This custard apple kulfi is a riff on custard apple ice cream made by one of my favourite ice cream brands. If imitation is the best form of flattery, then I plead guilty. My weakness for soft, creamy, and fragrant eggshell-white charms of custard apple ice cream gave me the idea of bringing these flavours to a kulfi. A velvetty, custardy frozen dessert, traditionally flavoured with saffron and and cardamom, and speckled with pistachios, raisins and even figs, kulfis are sold on sticks and in small clay pots called matkas.
Sweet and cold, kulfis are perfect for the searing heat of Indian summers. Every city has its favourite kulfi spots which vie to come up with unique flavour combinations to entice customers. Unlike most Indian sweets, that require elbow grease and skill levels akin to French patisserie, the kulfi is a treat that can easily be made at home.
A kulfi is slower to melt unlike ice cream because it is made from full fat milk boiled till it has reduced by half; at this point it becomes lusciously thick acquiring a light blush. Sugar and flavourings are then added to enrich the custard which is frozen in clay matkas or in kulfi molds resembling conical cylinders.
Custard apples or sweetsops (sharifa or sitaphal in Hindi) appear in markets in August, broadcasting their sugary scent everywhere. Although delicious, some people find it hard to eat them because of their numerous seeds that require some dexterity with teeth and tongue. The fruit is typically tropical, with intense aroma infused sweetness that’s hard to resist. So the little effort required to eat it, is more than justified.
The challenge of making custard kulfi or lies mainly in separating the pulp from the seeds since the black, teardrop-shaped seeds are encased in individual carpels of pulp. And there are many berry-like segments in each fruit. But there is a hack to loosening the seeds to extract the pulp. Since ripe custard apple flesh is really delicate, I chose not to puree it in the blender. Mashing it roughly with a fork leaves small succulent bits which give the kulfi a nice texture and the sense of eating the fruit itself. The short video below shows you how easy it is to knock those pesky seeds out. All you need is a whisk and a sieve. As you whisk the flesh, the seeds magically shed the soft tissue, which you can scoop out with a spoon.
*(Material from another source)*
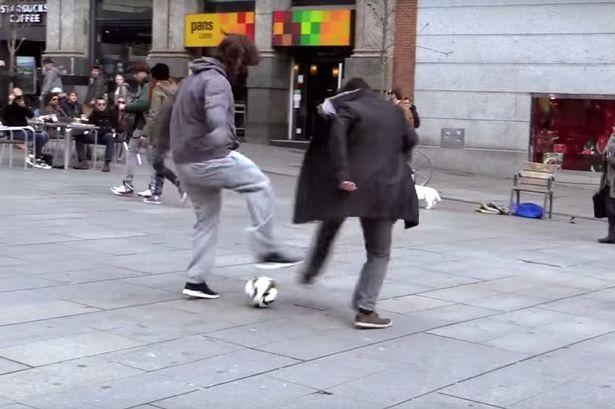 Nimeni nu l-a recunoscut îmbracat așa. Șocul pe care l-au avut oamenii când și-a dezvăluit adevărata identitate: cine e "boschetarul" 320498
There’s nothing wrong with taking a shortcut if the end result is as good as taking the long route. In other words, instead of standing around waiting for milk to boil down to half, I prefer to use equal quantities of single cream and milk. This significantly reduces the cooking time and I also add condensed milk instead of sugar. This way I get beautifully thick, satiny kulfi. I’ve made it so many times now and every time it gets wiped out.
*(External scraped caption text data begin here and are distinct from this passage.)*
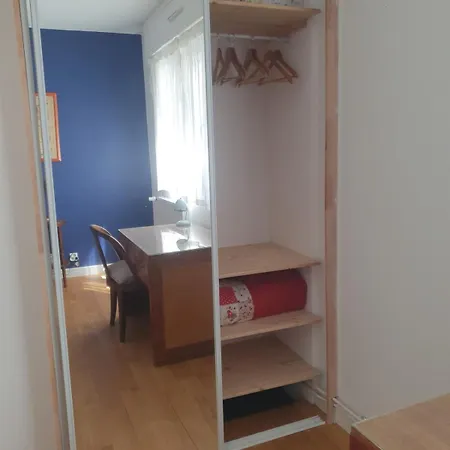 Confortable Dans Un Lumineux *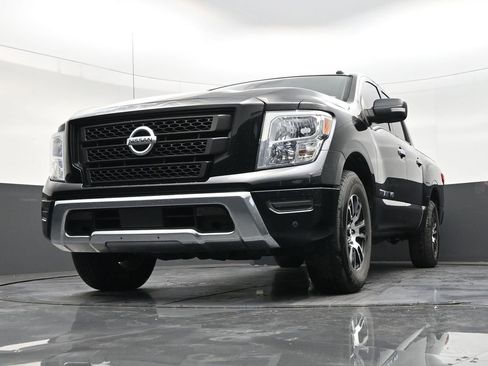 Used 2020 Nissan Titan SV w/ SV Convenience Package image 27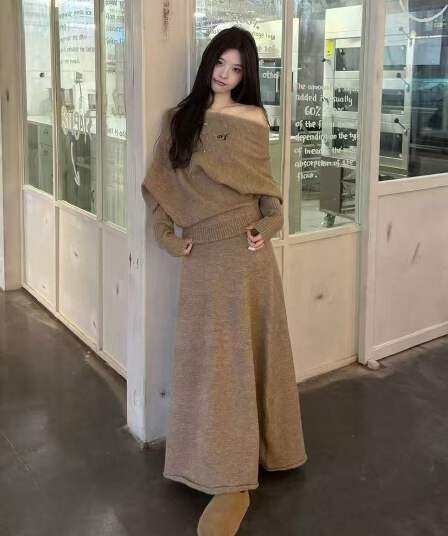 순수한 욕망 비스듬한 어깨 오프숄더 니트 두 조각 여성 세트 가을 겨울 느긋한 허리 수축 맨위 도루 센스 큰 진자 롱 스커트 부드러운 세트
For custard apple kulfi, I made the custard base as usual, boiling milk and cream for a bit till thick, then adding condensed milk, cooling the mixture and finally mixing in custard apple pulp. The recipe you’ll notice has only a small quantity of condensed milk; this is because ripe custard apples are intensely sweet and I don’t like cloyingly sweet desserts.To add some crunch to this creamy concoction, toasted black sesame seeds seemed like a good choice. They build an extra element of flavour as well. You can add them or leave them out if you wish. Either way, you’ll have an easy but really delicious custard apple dessert to relish. Kulfi is frozen in kulfi molds but popsicle mold work equally well.
- 250 ml whole milk
- 250 ml light cream
- 300 g custard apple pulp (2-3 custard apples depending on their size)
- 100 ml condensed milk
- 1 ½ tbsp toasted black sesame seeds (optional)
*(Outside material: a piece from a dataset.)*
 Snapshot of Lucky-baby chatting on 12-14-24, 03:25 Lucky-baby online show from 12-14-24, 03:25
- Pour the cream and milk into a saucepan and slowly bring to a boil. Reduce the heat and simmer, (stirring every now and then) till the mixture reduces by a third and is thick enough to lightly coat the back of a spoon.
- Now add the condensed milk and stir to mix.
- Remove the mixture from the stove and cool to room temperature.
- While the liquid mix is cooling, scoop the custard apple flesh into a sieve placed over a bowl and vigorously stir around with a wire whisk. The seeds will gradually separate from the fruit. Carefully remove the seeds and discard.
- Tip the fruit into the rest of the pulp in the bowl below and roughly mash with a fork. You can also puree it if you like.
- Mix the pulp into the cool cream mixture followed by the sesame seeds.
- Pour the kulfi mix into molds and chill for 5-6 hours till set.
- Total time does not include freezing time.